TASK REQUIREMENTS => Once the pictures are set aside, copy the records below exactly as they stand.

***** EXTRACTED ENTRIES *****

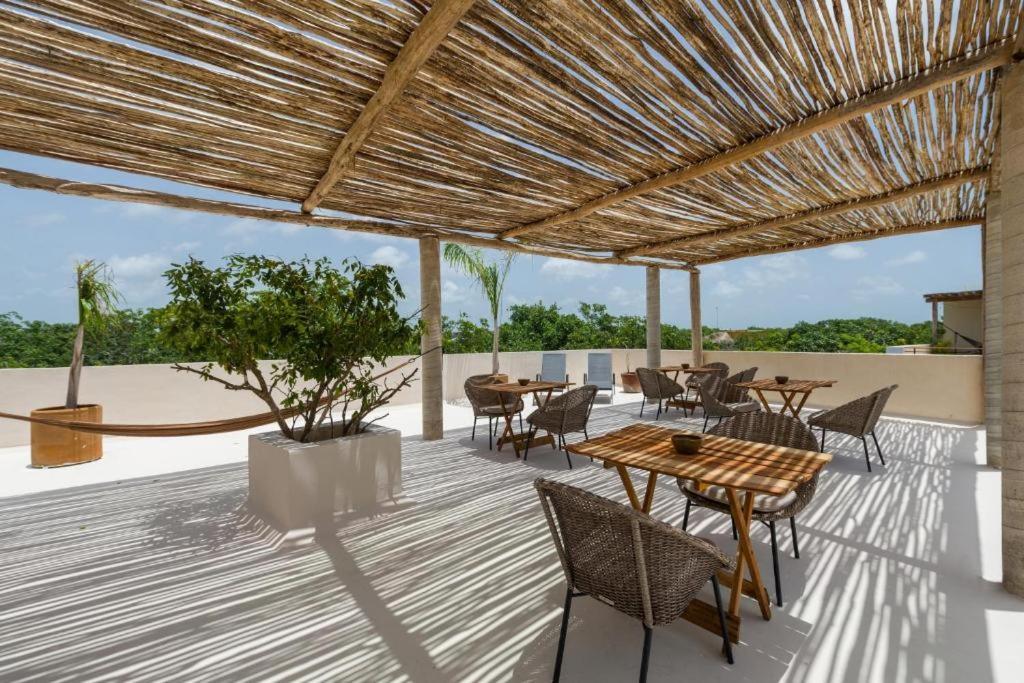 Koos Tulum Hotel Екстериор снимка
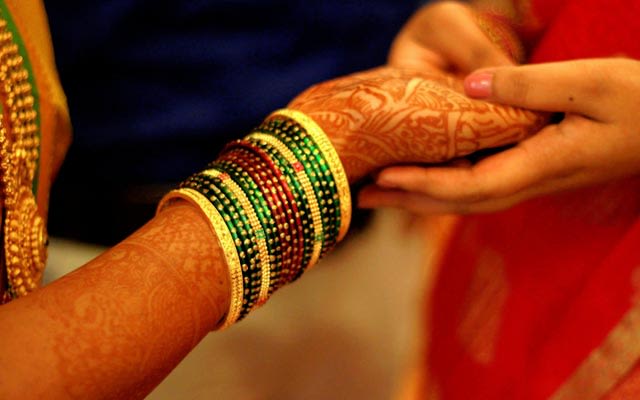 Bridal Bangles and Mehendi Design by Vivek Renukaprasad Bridal-jewellery-and-accessories | Weddings Photos & Ideas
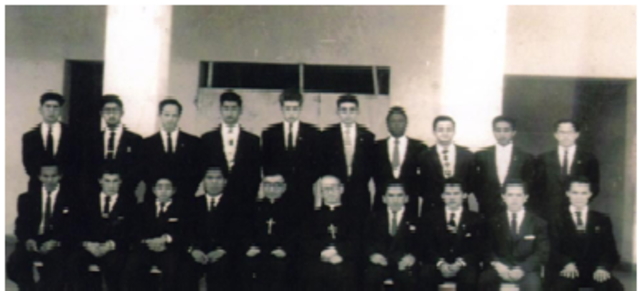 Alta nomina de docentes titulados en universidades de Europa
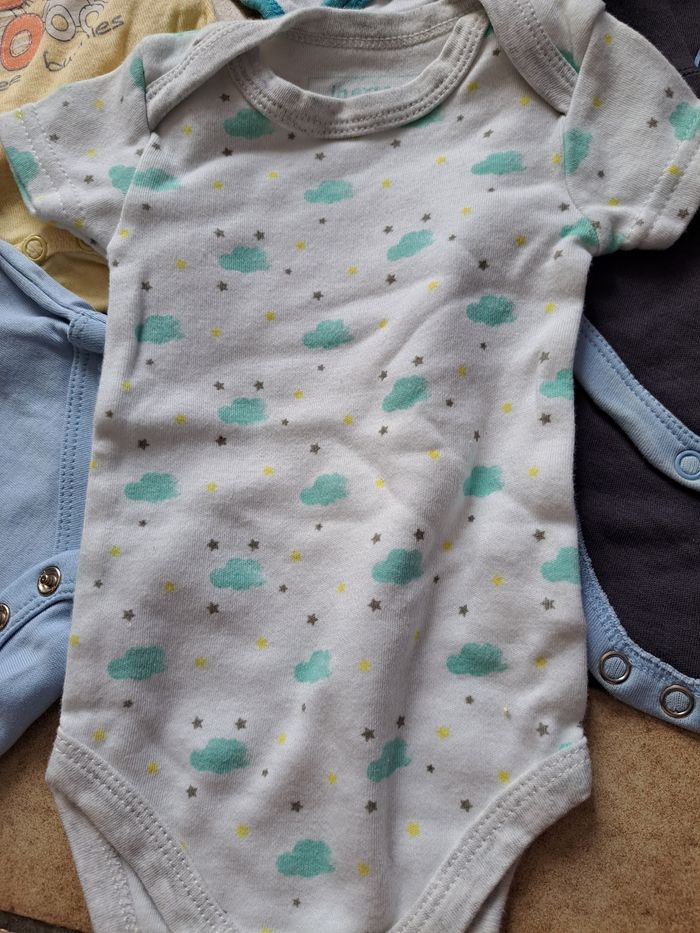 Bodys garçon 1 mois - photo numéro 4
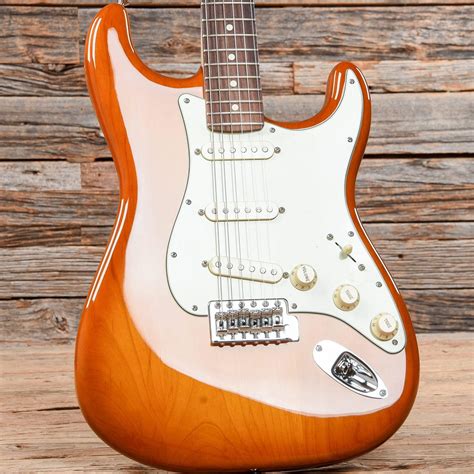 Fender American Performer Stratocaster Honey Burst 2018 Chicago Music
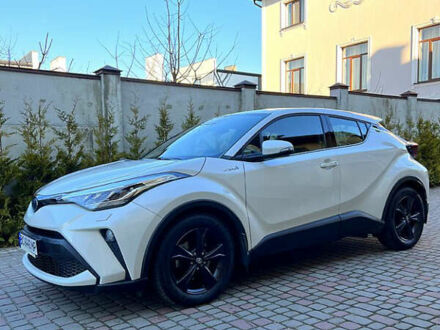 Белый Тойота C-HR, объемом двигателя 1.99 л и пробегом 51 тыс. км за 21000 $, фото 1 на Automoto.ua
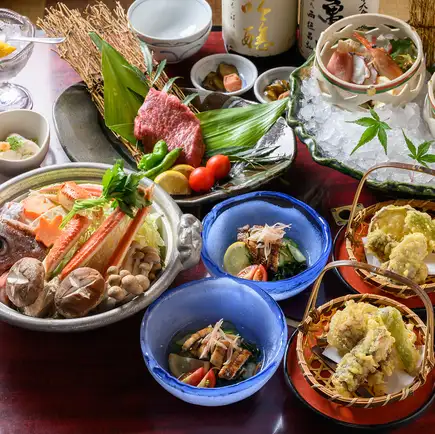 【120分飲み放題付】各種宴会に◎厳選食材と肉料理を味わう『お一人様7,700円コース』全8品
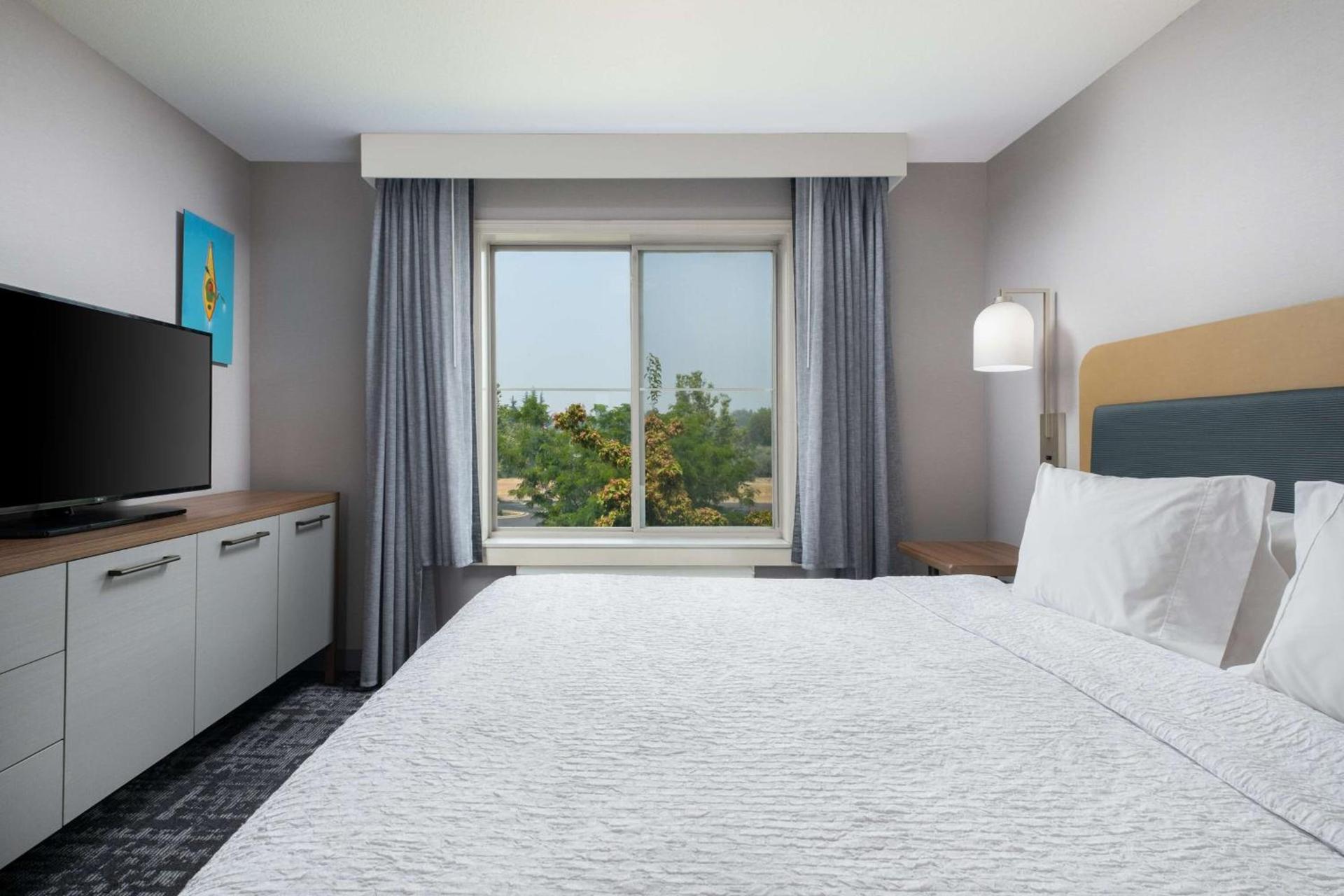 Homewood Suites Medford photo 38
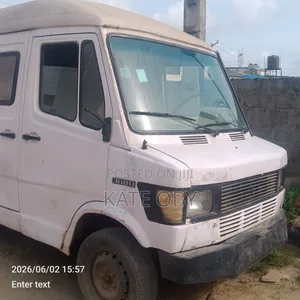 Mercedes-Benz V-Class 2000 White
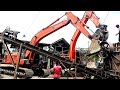 Bukan main..!! Dua Unit Alat berat Beko Hitachi mencoba mengangkat roda mesin penghancur | Crusher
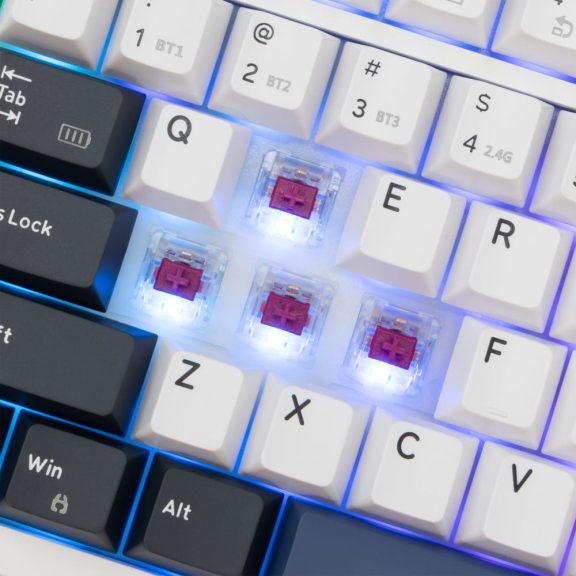 White Shark Excalibur L mechanikus gaming billentyűzet, RGB, tri-mode csatlakozás, US kiosztás, fehér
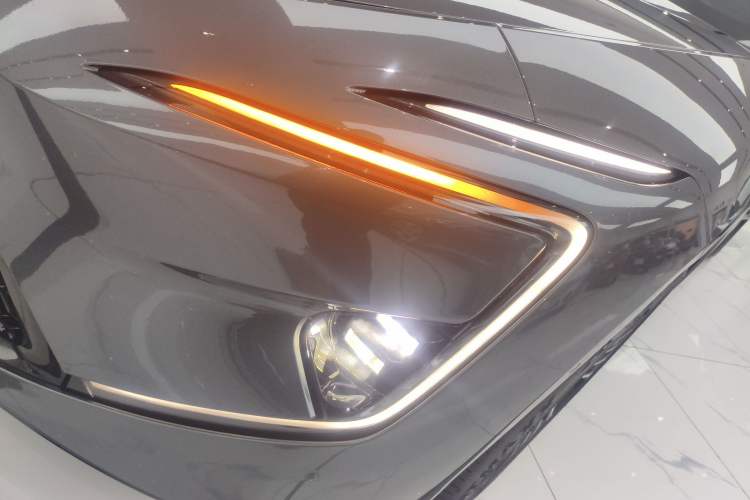 Used Avatr 12 2025 Ultra Extended-Range Edition Left Front Headlight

*****

ANSWER TO THIS TASK =>
 Koos Tulum Hotel Екстериор снимка
 Bridal Bangles and Mehendi Design by Vivek Renukaprasad Bridal-jewellery-and-accessories | Weddings Photos & Ideas
 Alta nomina de docentes titulados en universidades de Europa
 Bodys garçon 1 mois - photo numéro 4
 Fender American Performer Stratocaster Honey Burst 2018 Chicago Music
 Белый Тойота C-HR, объемом двигателя 1.99 л и пробегом 51 тыс. км за 21000 $, фото 1 на Automoto.ua
 【120分飲み放題付】各種宴会に◎厳選食材と肉料理を味わう『お一人様7,700円コース』全8品
 Homewood Suites Medford photo 38
 Mercedes-Benz V-Class 2000 White
 Bukan main..!! Dua Unit Alat berat Beko Hitachi mencoba mengangkat roda mesin penghancur | Crusher
 White Shark Excalibur L mechanikus gaming billentyűzet, RGB, tri-mode csatlakozás, US kiosztás, fehér
 Used Avatr 12 2025 Ultra Extended-Range Edition Left Front Headlight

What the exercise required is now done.